TRY IT>
Take the data below and write it out exactly, except for the pictures.

SUPPLIED DATA>
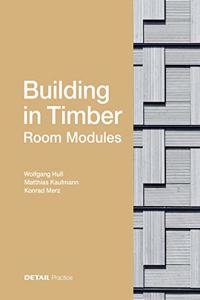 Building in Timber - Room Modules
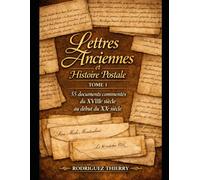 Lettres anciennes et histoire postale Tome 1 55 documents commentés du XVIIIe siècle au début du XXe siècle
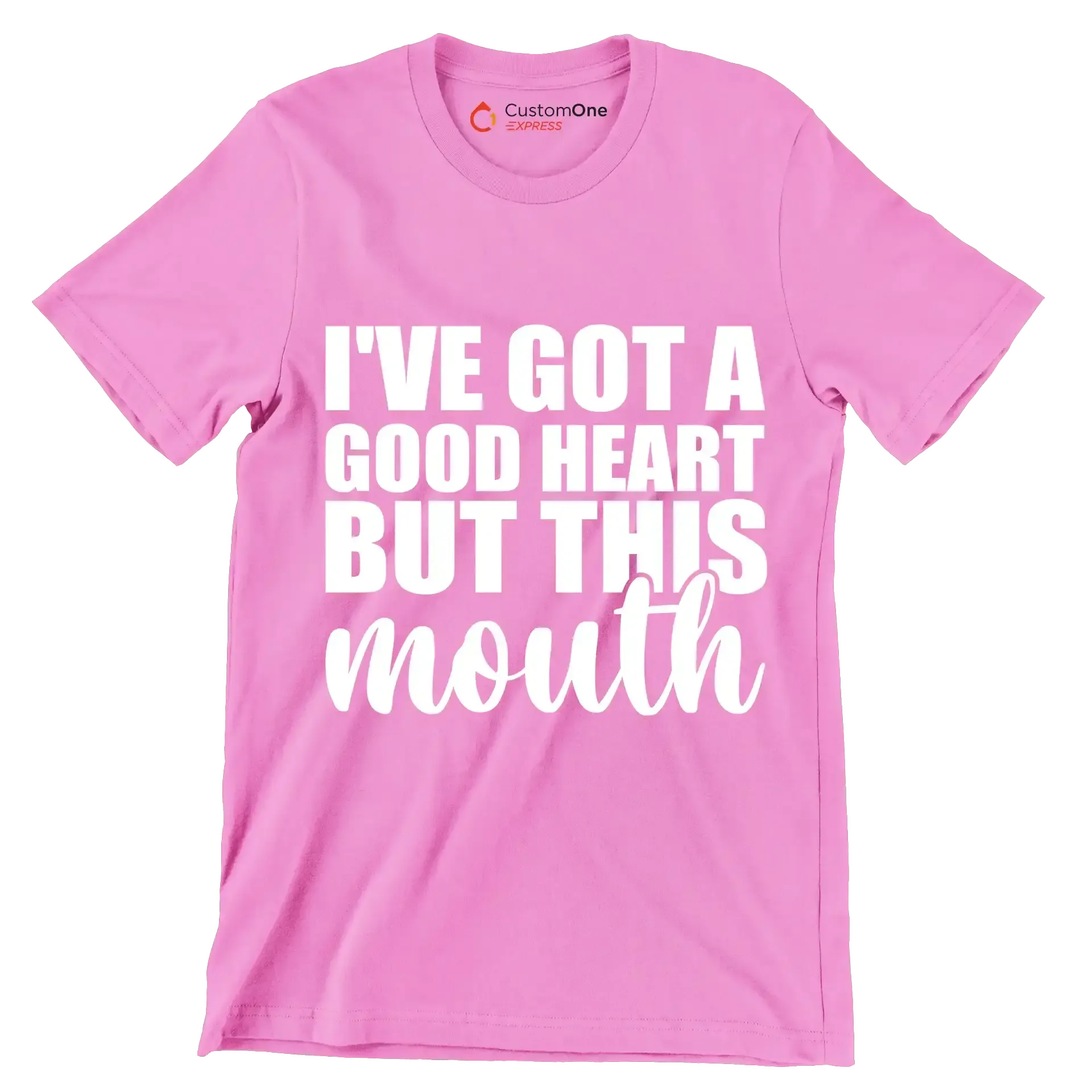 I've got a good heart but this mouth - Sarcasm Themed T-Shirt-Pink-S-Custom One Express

TASK ANSWER>
 Building in Timber - Room Modules
 Lettres anciennes et histoire postale Tome 1 55 documents commentés du XVIIIe siècle au début du XXe siècle
 I've got a good heart but this mouth - Sarcasm Themed T-Shirt-Pink-S-Custom One Express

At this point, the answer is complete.